Copyright © 2020, SAS Institute Inc., Cary, NC, USA.  All Rights Reserved.
SPDX-License-Identifier: Apache-2.0

# Build and Import a Trained Model into SAS Open Model Manager or SAS Model Manager

This notebook provides an example of how to build and train a Python model and then import the model into SAS Open Model Manager. Lines of code that must be modified by the user, such as directory paths are noted with the comment "_Changes required by user._".

_**Note:** If you download only this notebook and not the rest of the repository, you must also download the hmeq.csv, hmeqPrediction.csv, and dmcas_fitstat.csv files from the [/samples/Python_Models/DTree_sklearn_PyPickleModel/Data](../samples/Python_Models/DTree_sklearn_PyPickleModel/Data) directory. These files are used when executing this notebook example._

Here are the steps:

1. Build and train a model.
2. Serialize the model into a pickle file and deploy the pickle file into SAS Open Model Manager.
3. Write JSON files that are associated with the trained model and write the model score code .py file. Also, write JSON files for one of the following data options:
   (a) Generate Fit Statistics from user-defined input.
   (b) Calculate Fit Statistics, ROC curve and Lift information from data.
4. Write a score code Python file for model scoring in SAS Open Model Manager or SAS Model Manager.
5. Zip the pickle, JSON, and score code files into an archive file.
6. Import the ZIP archive file to SAS Open Model Manager or SAS Model Manager via an API call.

### Step 1: Build and Train a Model

In [None]:
from pathlib import Path
import pandas as pd

import sklearn.tree as tree
from sklearn.model_selection import train_test_split

In [None]:
dataFolder = Path.cwd() / '../samples/Python_Models/DTree_sklearn_PyPickleModel/Data/' # Changes required by user.
zipFolder = Path.cwd() / '../samples/Python_Models/DTree_sklearn_PyPickleModel/Model/' # Changes required by user.
modelPrefix  = 'hmeqClassTree'

In [None]:
yName = 'BAD'
catName = ['JOB', 'REASON']
intName = ['CLAGE', 'CLNO', 'DEBTINC', 'DELINQ', 'DEROG', 'NINQ', 'YOJ']

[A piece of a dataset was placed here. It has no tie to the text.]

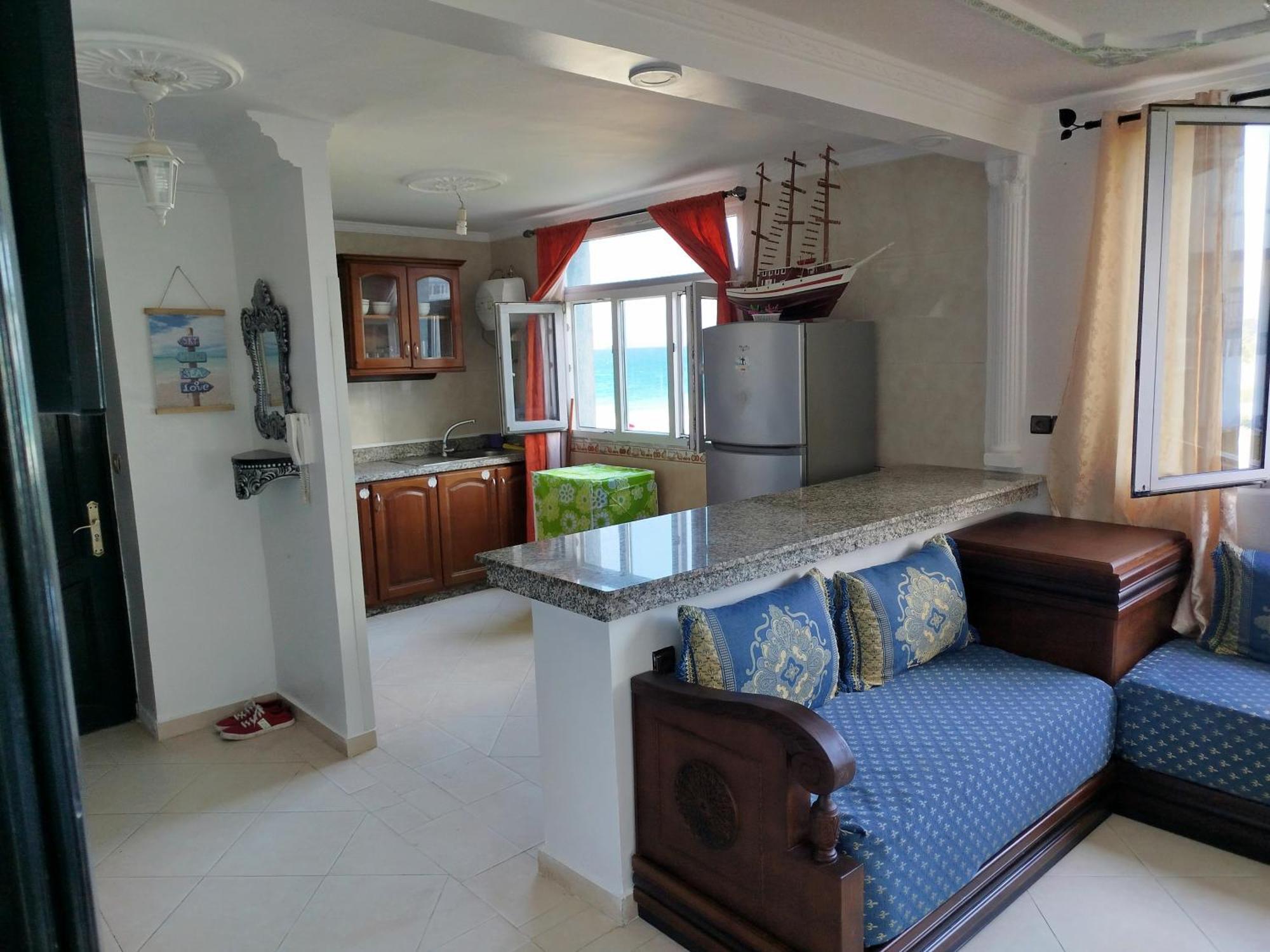 Apartment Corniche Ksar Sgher クサール・エス・セギール エクステリア 写真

inputData = pd.read_csv((Path(dataFolder) / 'hmeq.csv'), sep=',',
                        usecols=[yName]+catName+intName)

In [None]:
useColumn = [yName]
useColumn.extend(catName + intName)
inputData = inputData[useColumn].dropna()

xTrain, xTest, yTrain, yTest = train_test_split(inputData, inputData[yName],
                                                test_size=0.2, random_state=42)

In [None]:
model = tree.DecisionTreeClassifier(criterion='entropy', max_depth=5,
                                    min_samples_split=20,
                                    min_samples_leaf=10,
                                    random_state=42)
print(model)

In [None]:
x = pd.get_dummies(xTrain[catName].astype('category'))
x = x.join(xTrain[intName])
y = yTrain.astype('category')
trainedModel = model.fit(x, y)

In [None]:
yCategory = y.cat.categories
outputVar = pd.DataFrame(columns=['EM_EVENTPROBABILITY', 'EM_CLASSIFICATION'])
outputVar['EM_CLASSIFICATION'] = yCategory.astype('str')
outputVar['EM_EVENTPROBABILITY'] = 0.5

### Step 2: Serialize a Model Into a Pickle File

In [None]:
import pzmm

In [None]:
pzmm.PickleModel.pickleTrainedModel(trainedModel, modelPrefix, zipFolder)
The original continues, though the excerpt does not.